Construire sur des fondations solides, faire confiance au temps, ne rien brusquer, aménager des ponts entre le passé et l’avenir, voilà ce que souhaitait Chateaubriand pour son pays. Les convulsions révolutionnaires menaient à l’anarchie, et l’anarchie à la tyrannie. Cette ambition débouchait cependant sur un paradoxe : « homme d’avenir, note son biographe Jean-Paul Clément, Chateaubriand veut sincèrement fonder la liberté ; homme de traditions, il veut la confier à des hommes du passé ». Ces hommes du passé, minés par l’esprit de revanche, ne cesseront de le décevoir…
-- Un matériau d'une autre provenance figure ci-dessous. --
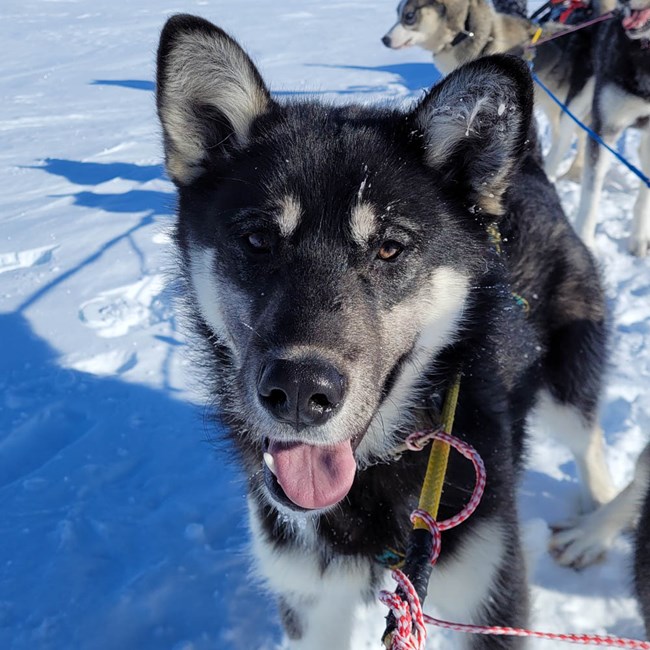 A black husky with white markings on legs and face stands in a team of sled dogs. The dog smiles at the camera with its tongue out.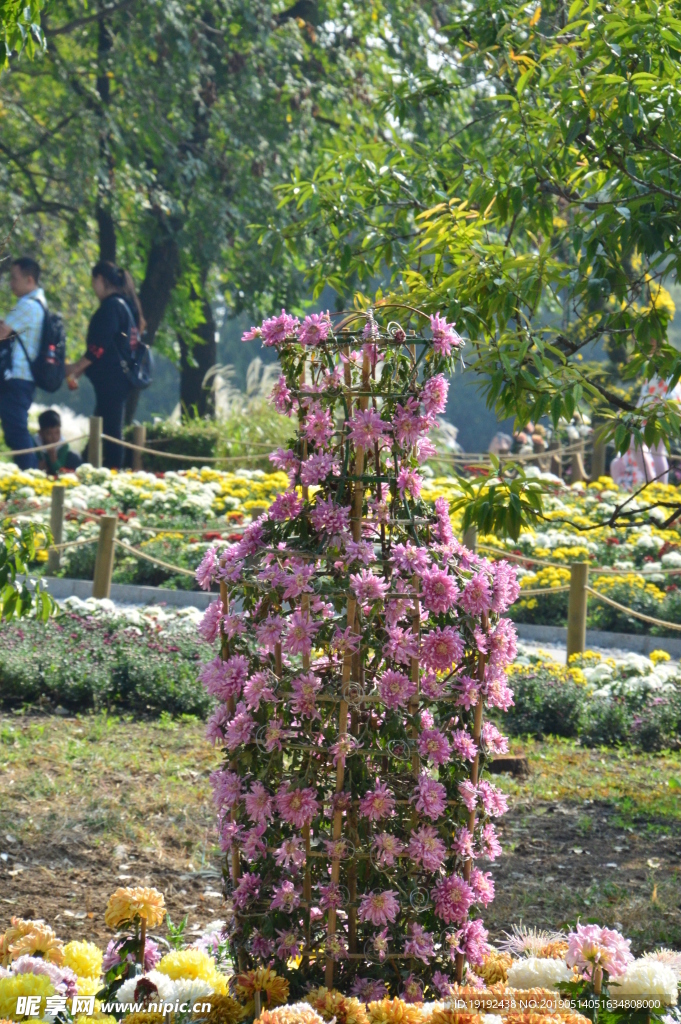 菊花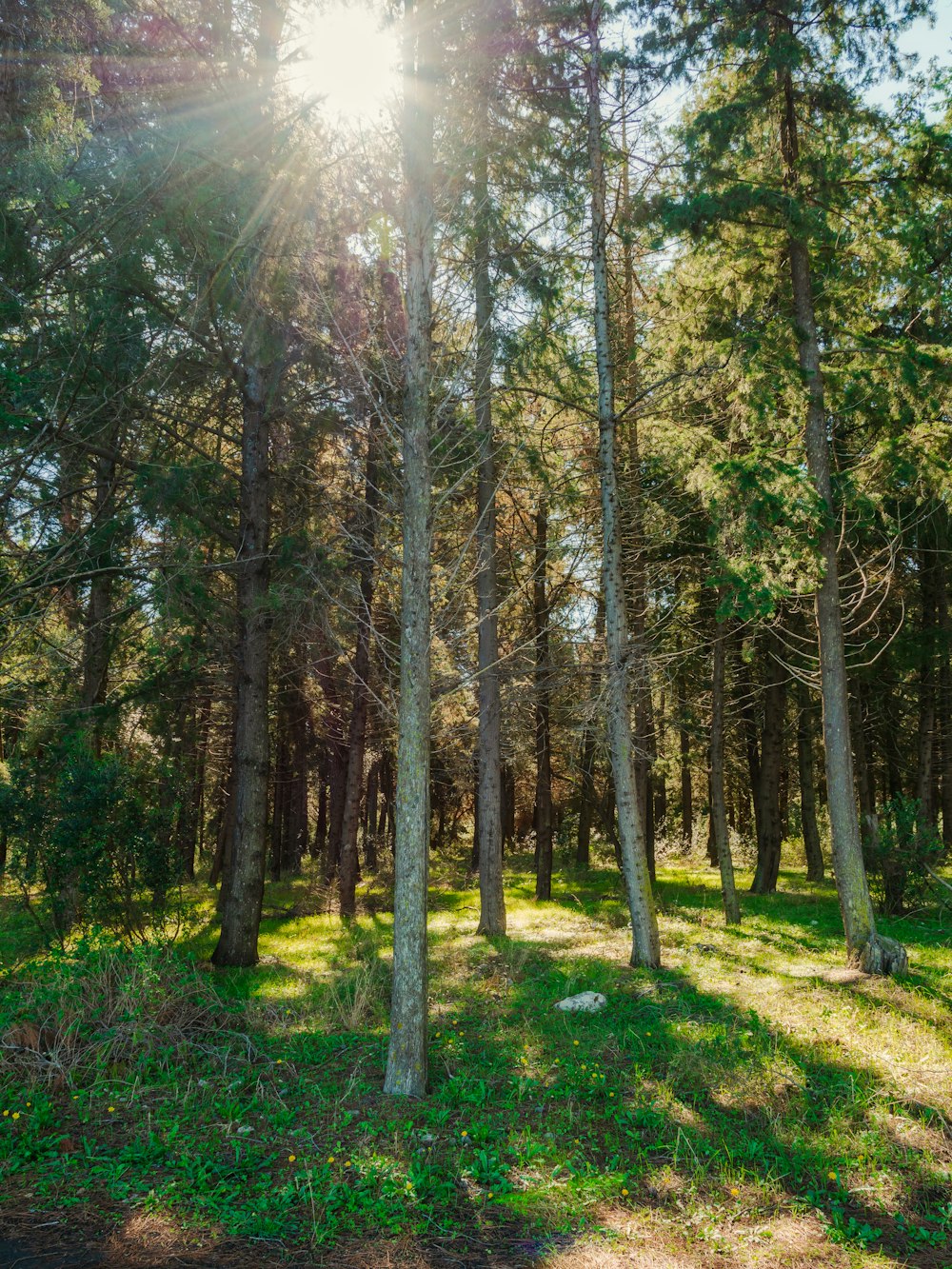 green grass and trees during daytime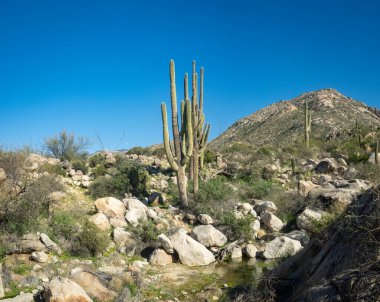 Güzel Arjantin Çöl Manzarası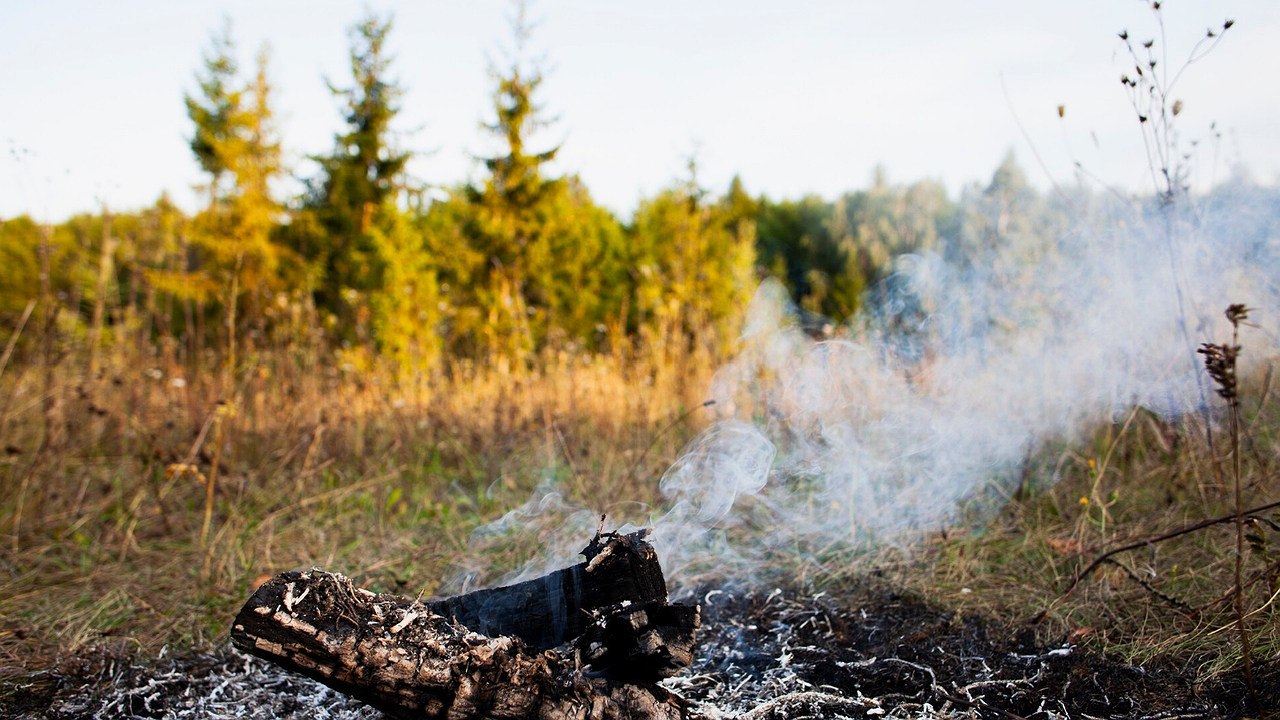 Главная картинка новости: Из-за зноя в 9 районах Владимирской области введен особый противопожарный режим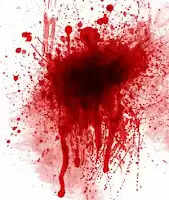 ആലുവയില് കാറില് പിന്തുടര്ന്ന സംഘം യുവാവിനെ തലക്കടിച്ചു കൊന്നു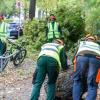 Mit vereinten Kräften: Aufräumarbeiten am Tag danach in der Stadt Würzburg im Ringpark in Höhe der Universität am Sanderring Foto: Thomas Obermeier Mit vereinten Kräften: Aufräumarbeiten am Tag danach in der Stadt Würzburg im Ringpark in Höhe der Universität am Sanderring Foto: Thomas Obermeier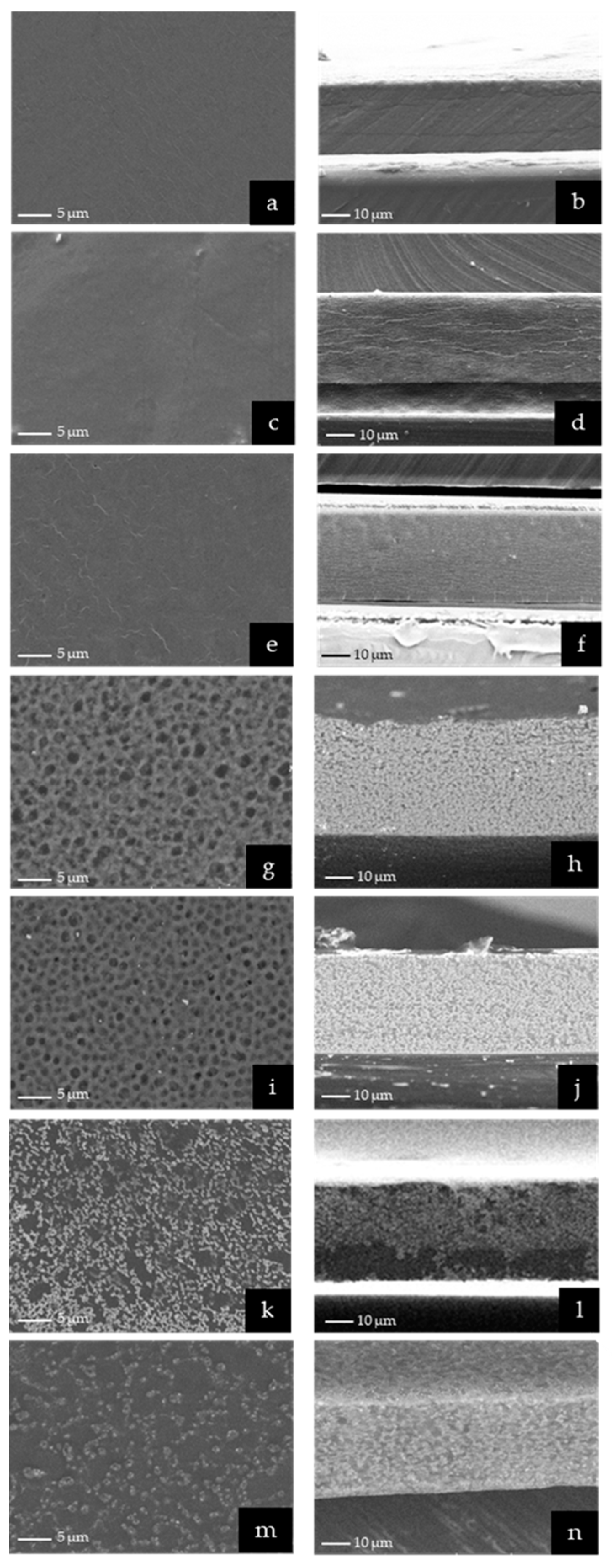 Pharmaceutics 15 02631 g004 Pharmaceutics 15 02631 g004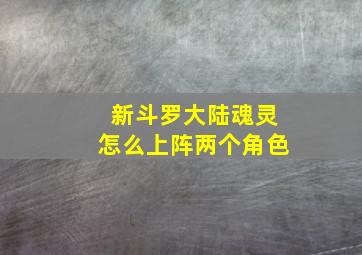 新斗罗大陆魂灵怎么上阵两个角色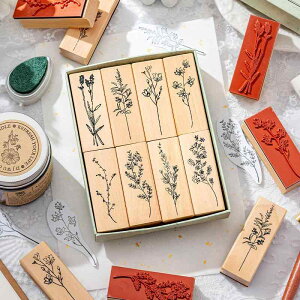  X^v ԕ  {bNX 蒠 fR[V  킢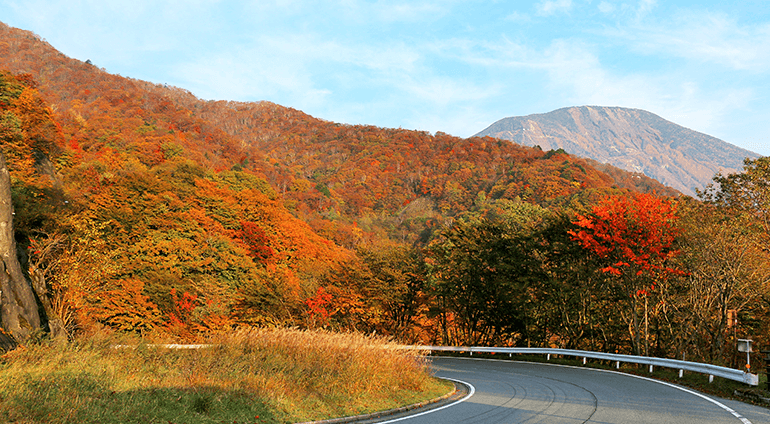 紅葉を見に山へドライブ！山道や坂道を安全に運転するコツ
Au soir de sa vie, Chateaubriand oscille entre l’espoir et la mélancolie. « Le monde actuel, le monde sans autorité consacrée, semble placé entre deux impossibilités : l’impossibilité du passé, l’impossibilité de l’avenir. » Ce monde clos sur lui-même, satisfait, sans panache ni grandeur, prisonnier d’un présent éphémère, le rend mélancolique.

Elle traverse, cette mélancolie, les Mémoires d’outre-tombe, véritable chef-d’oeuvre de la littérature française, que j’ai mis trop de temps à découvrir. « Chaque homme porte en lui un monde composé de tout ce qu’il a vu et aimé, et où il veut rentrer sans cesse, alors même qu’il parcourt et semble habiter un monde étranger », écrit-il un jour à son ami Joseph Joubert. À défaut d’avoir imprimé sa marque aux institutions de son pays, il fera de sa vie la matière d’une oeuvre irremplaçable.